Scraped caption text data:

-------------------------

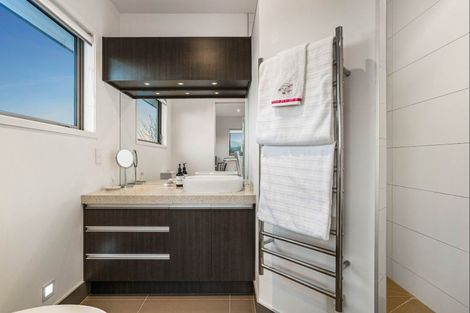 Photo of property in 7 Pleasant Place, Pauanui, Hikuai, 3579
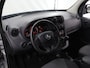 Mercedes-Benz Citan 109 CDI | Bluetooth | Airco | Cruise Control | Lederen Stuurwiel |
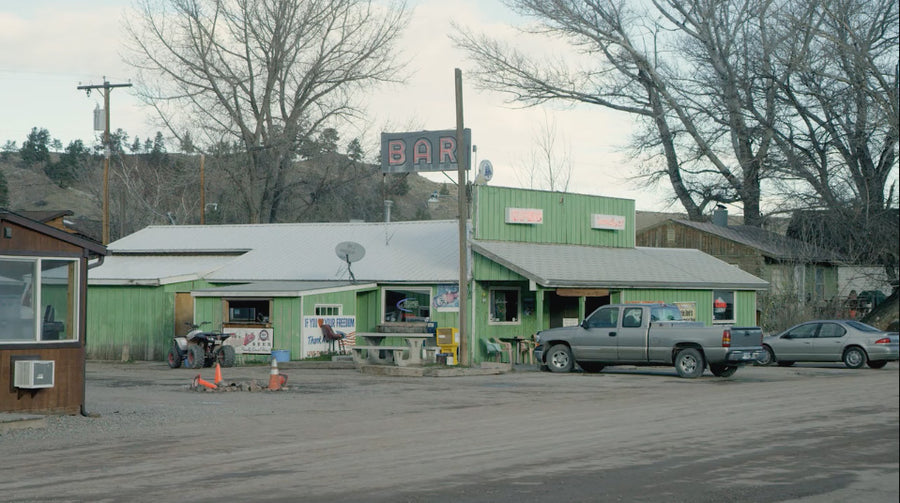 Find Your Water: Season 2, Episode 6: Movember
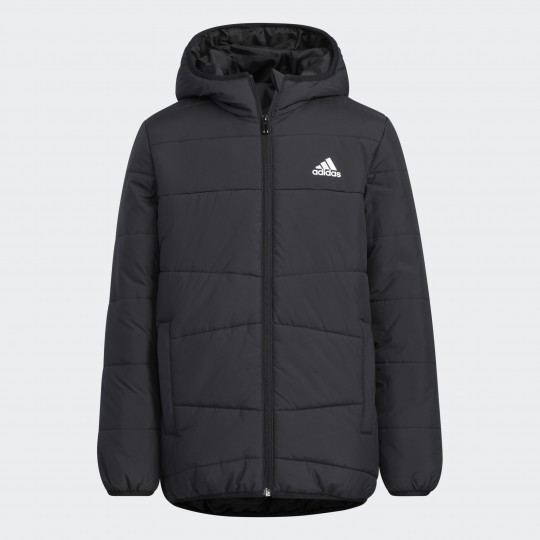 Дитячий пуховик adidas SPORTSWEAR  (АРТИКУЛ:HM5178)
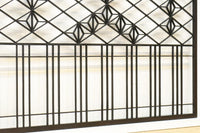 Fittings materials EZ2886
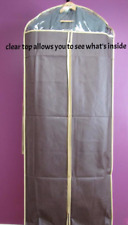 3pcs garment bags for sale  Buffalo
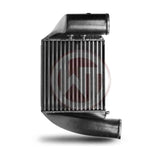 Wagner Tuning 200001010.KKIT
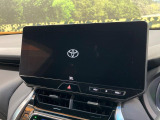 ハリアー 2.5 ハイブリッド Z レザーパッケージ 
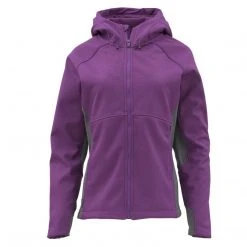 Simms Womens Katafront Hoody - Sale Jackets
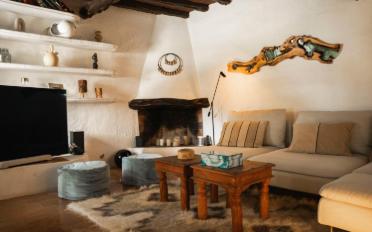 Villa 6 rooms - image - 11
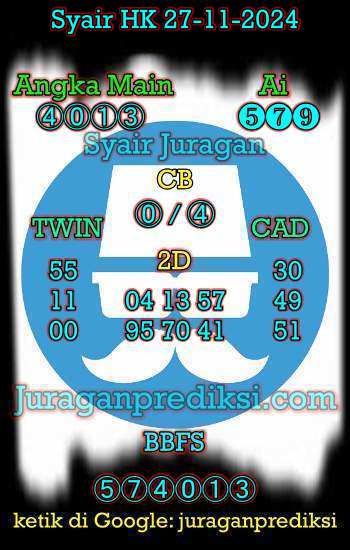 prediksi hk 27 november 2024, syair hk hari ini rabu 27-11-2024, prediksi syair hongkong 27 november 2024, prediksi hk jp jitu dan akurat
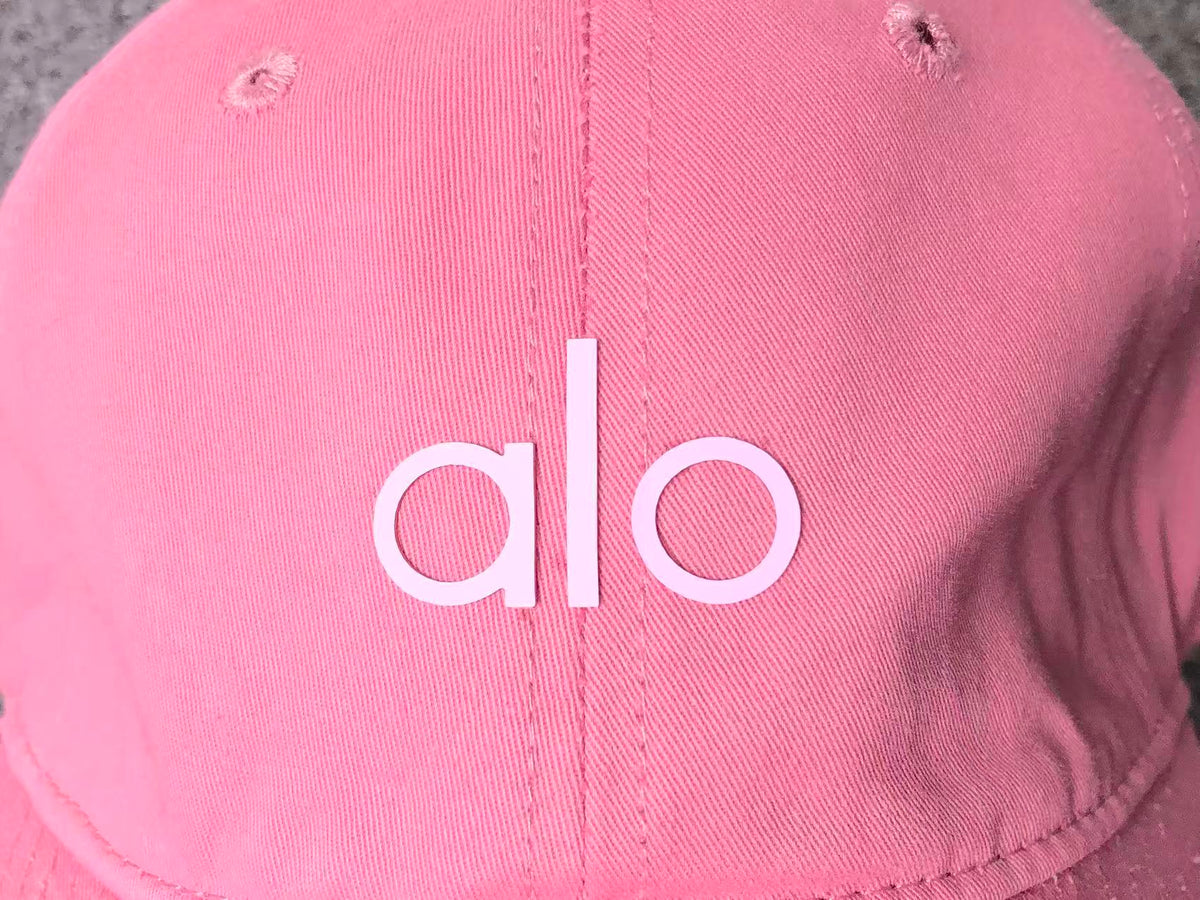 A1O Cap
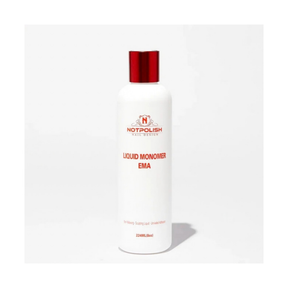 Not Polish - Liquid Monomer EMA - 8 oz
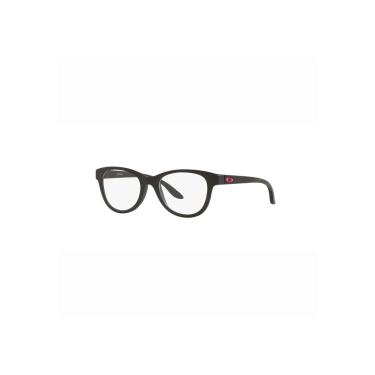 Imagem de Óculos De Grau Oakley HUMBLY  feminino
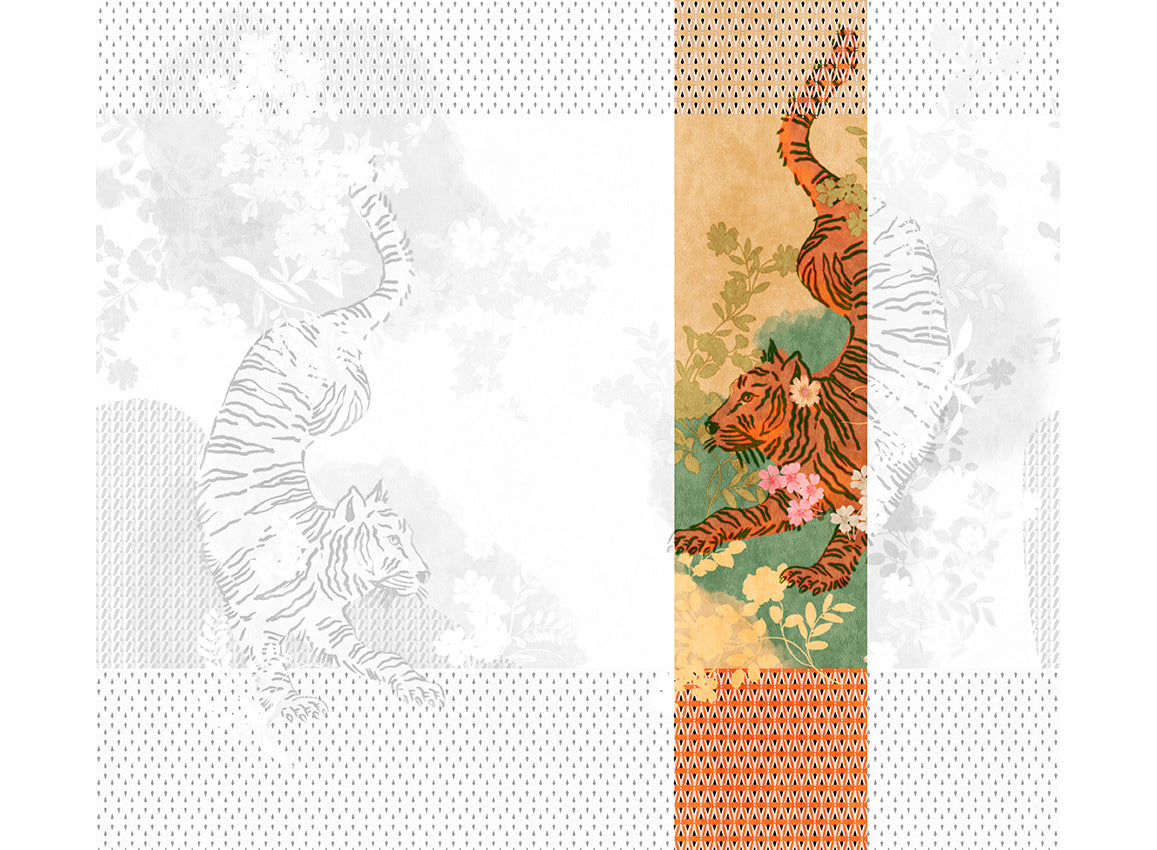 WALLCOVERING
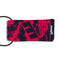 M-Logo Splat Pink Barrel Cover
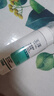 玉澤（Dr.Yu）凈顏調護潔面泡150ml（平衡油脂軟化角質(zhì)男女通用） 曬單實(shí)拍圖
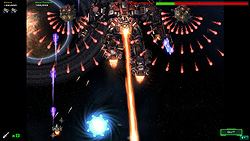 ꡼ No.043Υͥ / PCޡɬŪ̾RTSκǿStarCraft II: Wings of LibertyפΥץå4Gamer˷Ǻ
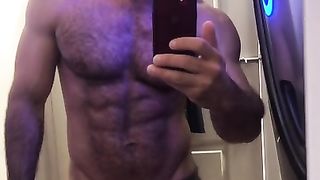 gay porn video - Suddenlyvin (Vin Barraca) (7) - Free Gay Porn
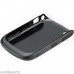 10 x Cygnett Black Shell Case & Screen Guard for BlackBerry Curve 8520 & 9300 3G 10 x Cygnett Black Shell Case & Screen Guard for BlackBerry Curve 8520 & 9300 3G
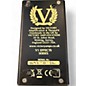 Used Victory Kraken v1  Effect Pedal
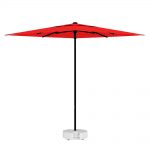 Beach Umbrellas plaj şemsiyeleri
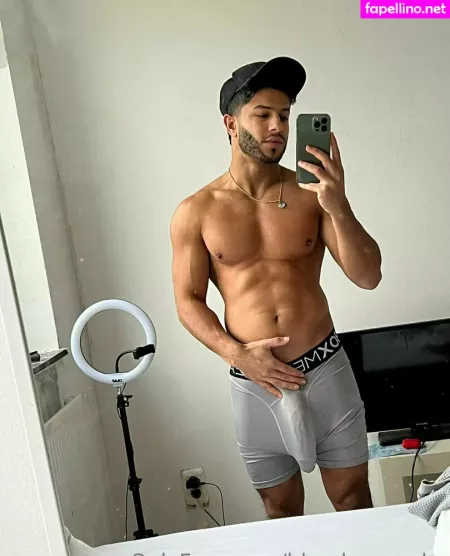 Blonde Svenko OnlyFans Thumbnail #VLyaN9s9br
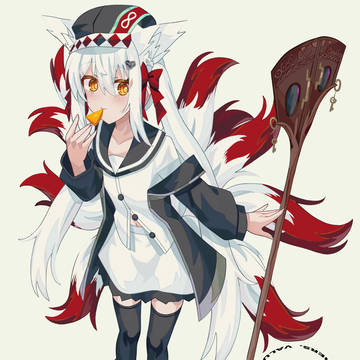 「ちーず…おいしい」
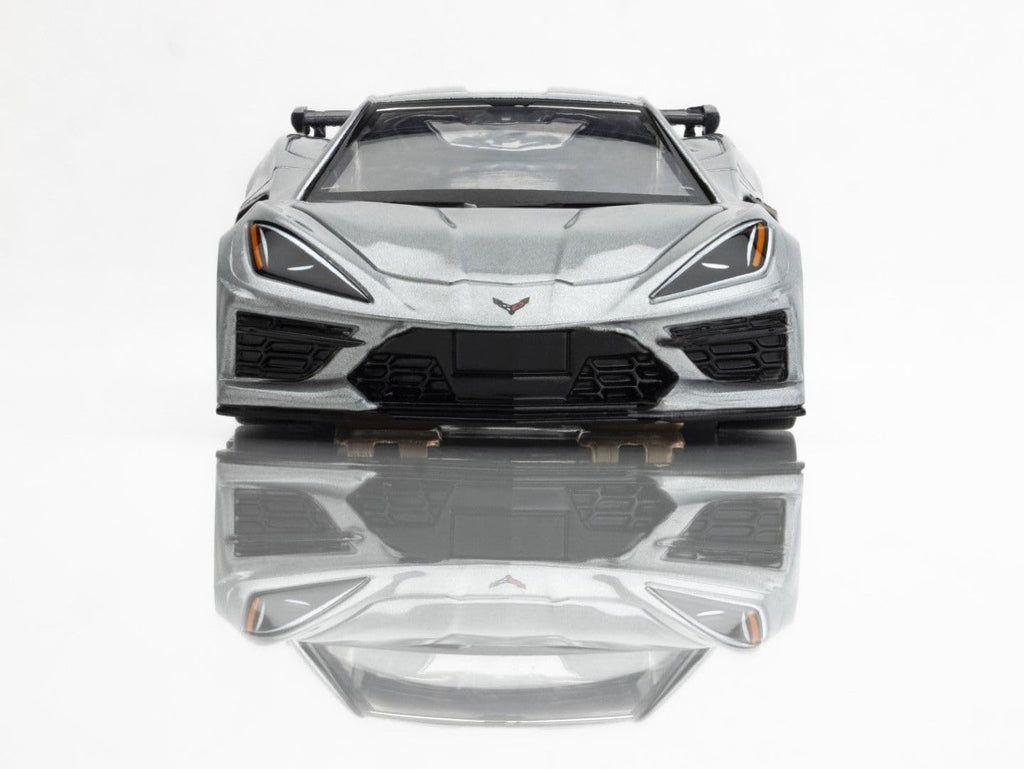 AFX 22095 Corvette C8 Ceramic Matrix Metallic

-------------------------

Although the records contain pictures, your copy should hold only the text, reproduced exactly.

• _Exercise output_:
 Photo of property in 7 Pleasant Place, Pauanui, Hikuai, 3579
 Mercedes-Benz Citan 109 CDI | Bluetooth | Airco | Cruise Control | Lederen Stuurwiel |
 Find Your Water: Season 2, Episode 6: Movember
 Дитячий пуховик adidas SPORTSWEAR  (АРТИКУЛ:HM5178)
 Fittings materials EZ2886
 3pcs garment bags for sale  Buffalo
 Wagner Tuning 200001010.KKIT
 ハリアー 2.5 ハイブリッド Z レザーパッケージ 
 Simms Womens Katafront Hoody - Sale Jackets
 Villa 6 rooms - image - 11
 prediksi hk 27 november 2024, syair hk hari ini rabu 27-11-2024, prediksi syair hongkong 27 november 2024, prediksi hk jp jitu dan akurat
 A1O Cap
 Not Polish - Liquid Monomer EMA - 8 oz
 Imagem de Óculos De Grau Oakley HUMBLY  feminino
 WALLCOVERING
 M-Logo Splat Pink Barrel Cover
 玉澤（Dr.Yu）凈顏調護潔面泡150ml（平衡油脂軟化角質(zhì)男女通用） 曬單實(shí)拍圖
 ꡼ No.043Υͥ / PCޡɬŪ̾RTSκǿStarCraft II: Wings of LibertyפΥץå4Gamer˷Ǻ
 gay porn video - Suddenlyvin (Vin Barraca) (7) - Free Gay Porn
 10 x Cygnett Black Shell Case & Screen Guard for BlackBerry Curve 8520 & 9300 3G 10 x Cygnett Black Shell Case & Screen Guard for BlackBerry Curve 8520 & 9300 3G
 Used Victory Kraken v1  Effect Pedal
 Beach Umbrellas plaj şemsiyeleri
 Blonde Svenko OnlyFans Thumbnail #VLyaN9s9br
 「ちーず…おいしい」
 AFX 22095 Corvette C8 Ceramic Matrix Metallic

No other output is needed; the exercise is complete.